I also caution against self-criticism or rigidity in this process. Otherwise, we become obsessed with whether we are observing Lent technically or theologically correctly, rather than focusing on the thing that really matters: uniting ourselves to Christ. If you forgot to write a letter to a friend, or accidentally oversleep through prayer time, or don’t quite finish your spiritual reading, it simply means tomorrow is the time to re-commit and try again. That sounds a bit like all of the spiritual life, actually.
No Place for Comparison
Lastly, a few people felt sheepish in sharing their planned practice with me. They remarked that they felt like they were saying, “Look how holy I am!” But, here’s what I say to that: do not compare yourself to others. As we can see from the many examples above, what works for someone does not mean it will, or should, work for you. Even with the example of caffeine, we can see how one person’s attitude toward giving it up can be the opposite of another person’s lived experience. The key is to do the work of discerning, internally, where you stand and what interior change will lead you closer to God. I could give up wine and cake this year, but it wouldn’t be that difficult, because I don’t consume much of those on a regular basis. Similarly, it may be more testing for you to answer the phone when your family calls, than it is to serve the homeless, even though on the surface one looks like the holier choice.

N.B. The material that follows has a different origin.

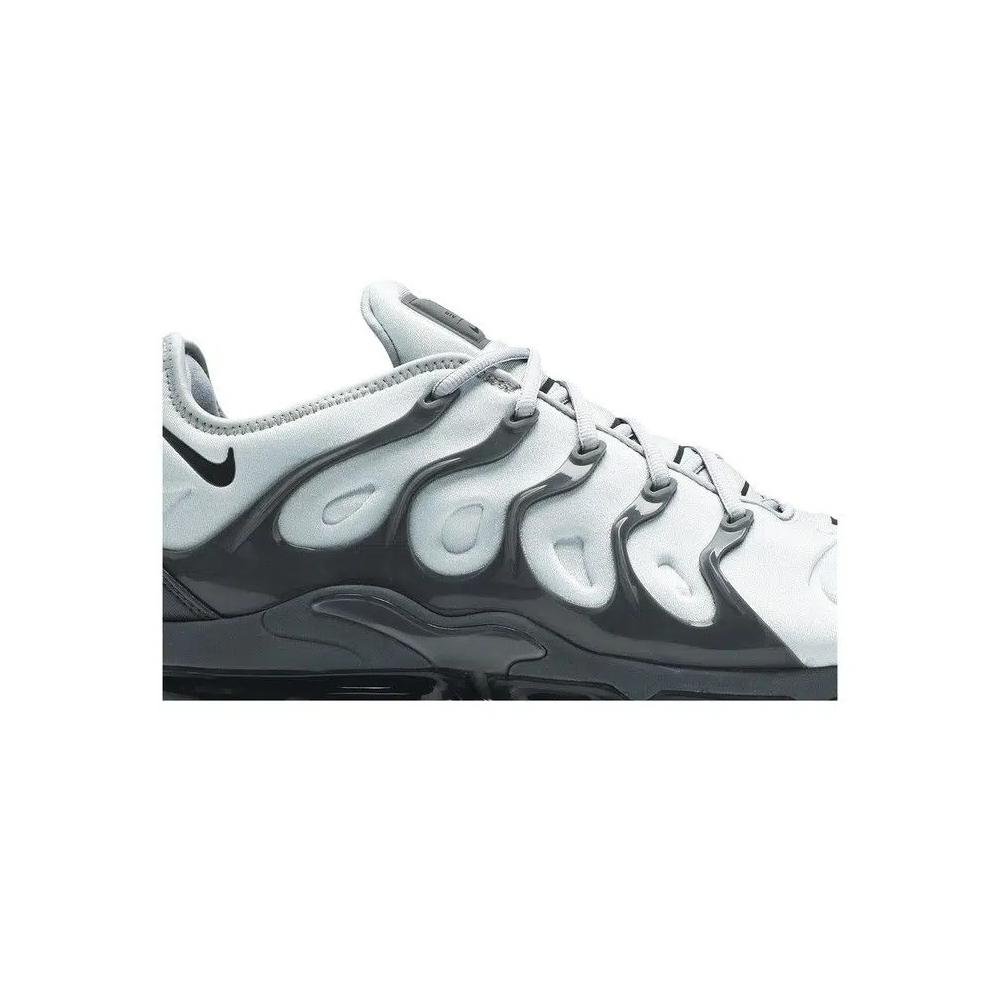 Кроссовки Nike Air VaporMax Plus 'Wolf Grey' 2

It all comes down to you and God. Where do you feel His pull? What is place in your heart that needs His touch? What aspect of your daily existence is prickly, or rocky, and needs smoothed down in order to make room for God? That is where He is calling you to act.
And always remember, if you are still unsure of where to start, your priest, your Church, and your faith community are a resource. We make this Lenten journey together. And I believe God is simply happy that we are reaching out to Him, even when we fall short.